Lord Justice Jackson accepts he will never be loved by swathes of the legal profession as he bows out of judicial office – but he insists his attempts to transform the landscape have been worthwhile.
The architect of major civil justice reforms in 2013 retires this week and has reflected on a decade of trying to reduce the costs of litigation.
Speaking to the Cambridge Law Faculty on Monday, Jackson said his task of reforming the rules of procedure was ‘about as unglamorous as it gets’, and that litigation costs remain too high, but he was pleased to have eliminated some excesses and ultimately made improvements.
His reforms turned civil litigation upside down, scrapping the recoverability of success fees and ATE, advancing costs budgeting and formulating the new proportionality rule.
But the speech, entitled ‘Was it all worth it?’, contained just one reference to regret - his warnings over maintaining existing legal aid provision were not heeded.
Jackson’s report had stressed the ‘vital necessity’ of making no further cutbacks in legal aid availability or eligibility. In the event, in the very same legislation (the Legal Aid, Sentencing and Punishment of Offenders Act), the government wrapped up both Jackson and legal aid reforms.
Jackson admitted that anyone meddling with costs was bound to be disliked by lawyers and he noted the ’numerous onslaughts’ he received in legal journals. But ultimately, he concluded it had been worth the effort.
‘As things stood 10 years ago, someone had to do something about costs (especially the absurd CFA/ATE regime),’ he said.

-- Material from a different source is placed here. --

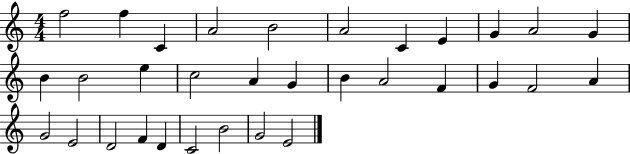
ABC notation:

‘Whoever received that poisoned chalice was bound to make themselves extremely unpopular – unless they ducked every controversial issue. Despite all the criticisms which RJ has received over the last 10 years, the blunt and inescapable fact is that the Jackson reforms have achieved significant reductions in the costs of litigation.’

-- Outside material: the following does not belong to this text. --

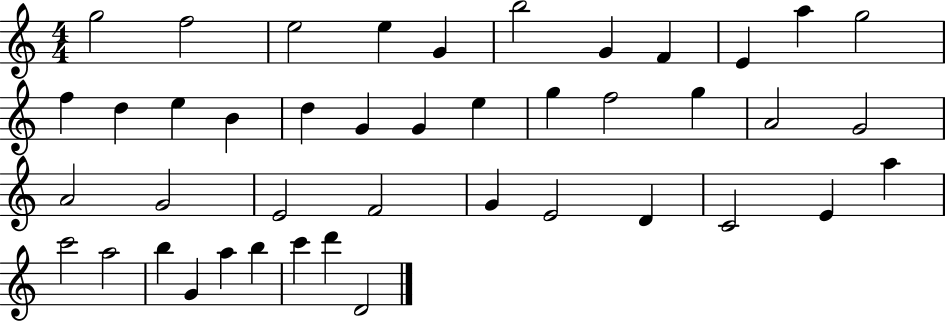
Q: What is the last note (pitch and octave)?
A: D4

His biggest successes? Case management reform and firmer enforcement of rules and court orders. Similarly he was pleased with the new procedure of concurrent expert evidence, the end of recoverable success fees and ATE premiums, and the promotion of third party funding. As he outlined in a Gazette interview this week, the lack of take-up of damages-based agreements remains a source of irritation.